3 examples of applause
I typed the word “applause” into the search window of my iTunes library and 3 tracks came up. Apparently, I had separately tracked off applause on Jack Spicer’s July 15th 1965 reading of The Holy Grail, David Shapiro’s 2004 UMass reading, and Mark McMorris’ 2005 UMass reading. Recorded applause seems like something no one really thinks about much. What was interesting was that all three tracks lasted between 23 and 25 seconds long. The Spicer has about 15 seconds of actual clapping and then it dies down. Mark McMorris has almost 24 full seconds of clapping. The Shapiro applause is pretty long too but it seems to die down a bit and then pick up again near the end. Of the three, I think my favorite is the Spicer because the sound is less easily identifiable as applause due to tape decay and recording limitations.
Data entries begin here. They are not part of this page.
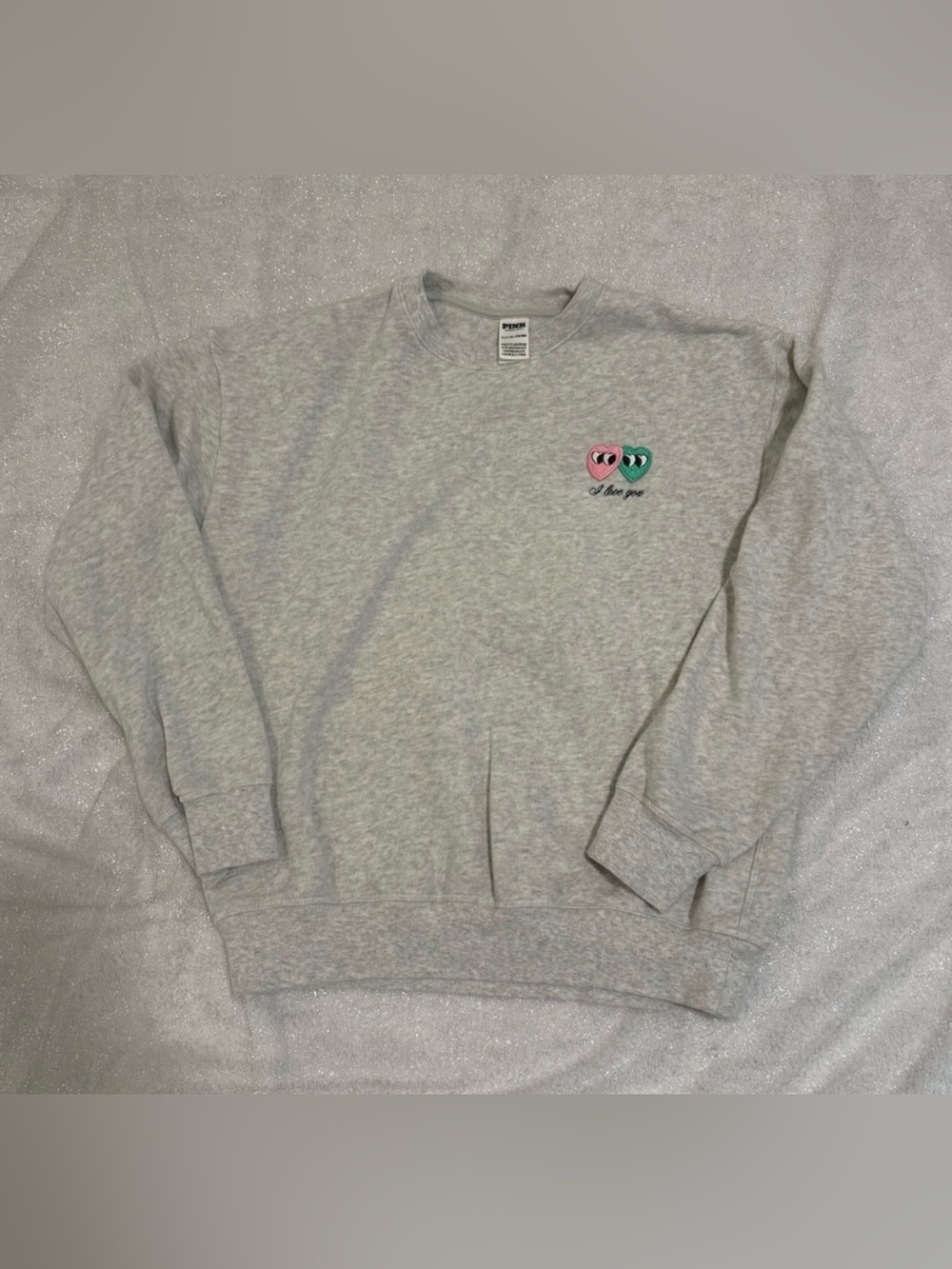 PINK Victoria's Secret Gray Crewneck with Pink & Green Heart Graphic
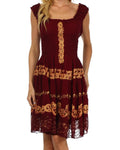 Sakkas Isabella Gypsy Boho Renaissance Batik Dress#color_Chocolate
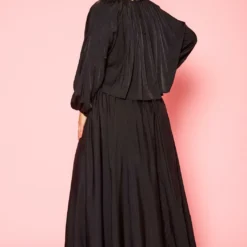 Plus Size Solid Long Sleeve Flare Maxi Skirt Set -Radiant Drape Sales 2021333 001 4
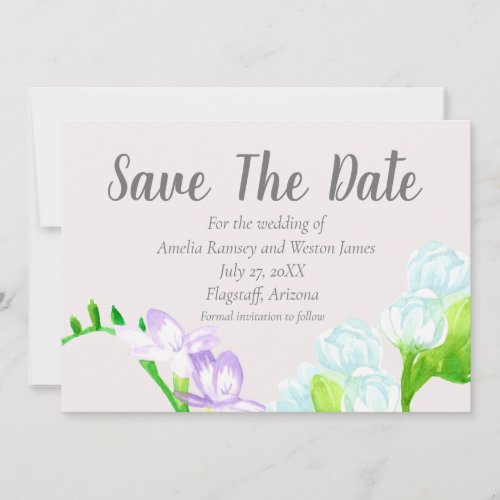  Save The Date Freesia Watercolor Flowers Wedding Announcement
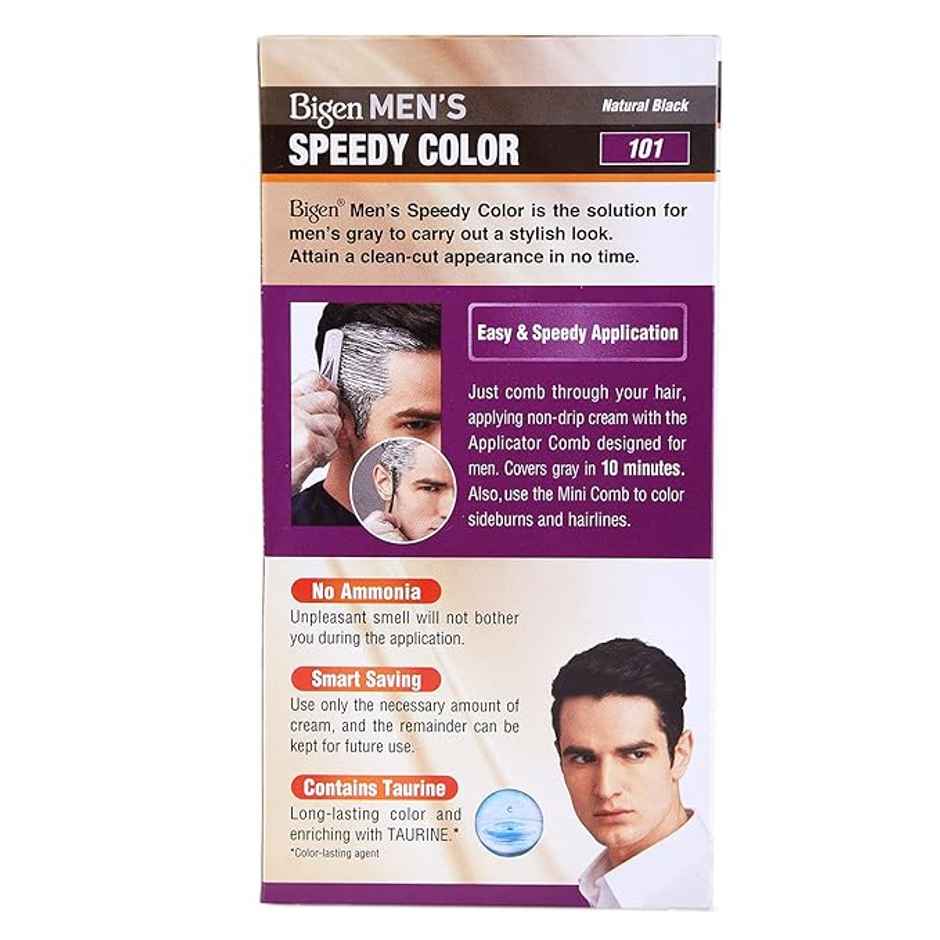 Bigen Men's Speedy Color | 101 Natural Black | No Ammonia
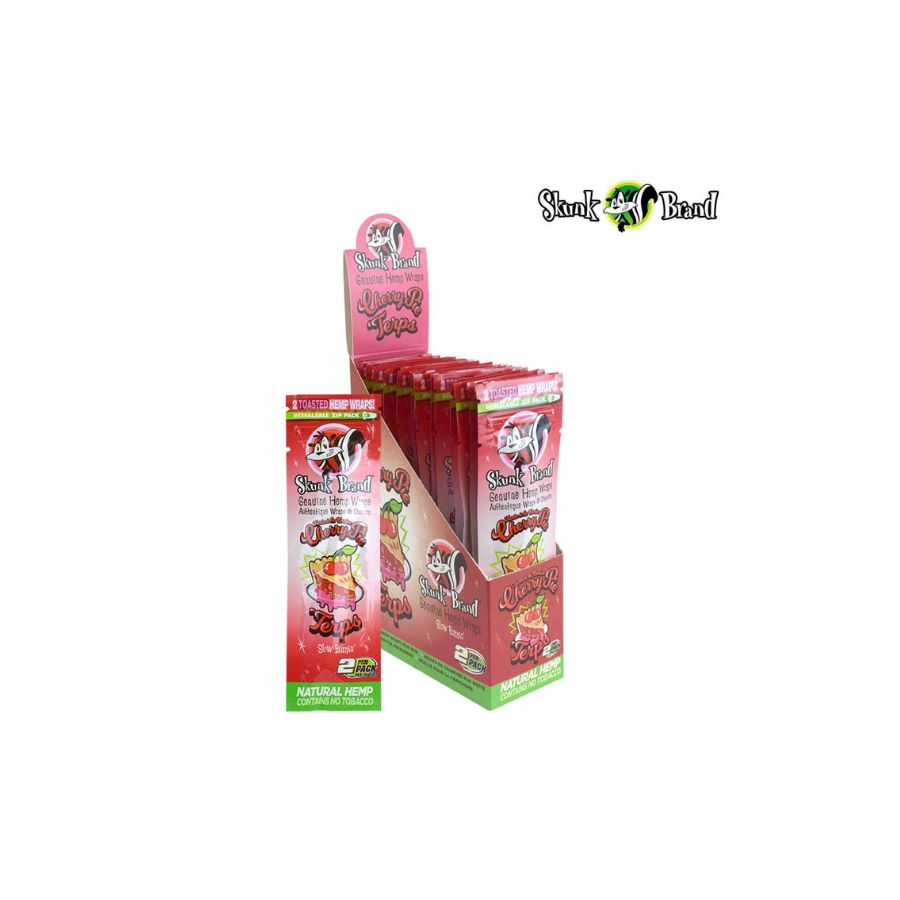 Display of Skunk Brand strawberry-flavored products on a white background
I feel like something could be learned by studying the applause from various readings across time. It’s valuable to recognize that applause as a sonic phenomenon is more various than is generally acknowledged. Applause is one of the constants at the end of most poetry recordings so it might be a good baseline indicator of the sound/recording environment. For example, some of my recordings were made from the audience in a space with a PA system. You might not be able to tell that until the end when you hear hands clapping 4 inches from the mic. I find that sometimes as I listen to an audio recording the dissonance and materiality of the recording fades somewhat as I am filtering for clear speech. However, when the applause happens at the end I am often reminded again of the textures of the sound environment. Also, in the same way that crowd laughter doesn’t necessarily “mean” one static thing (that something is funny) I would argue that applause is not always just a fixed response of approval. One example of this might be the way some readers have been cut off during an extraordinarily long reading by interruptive applause from someone in charge of the event.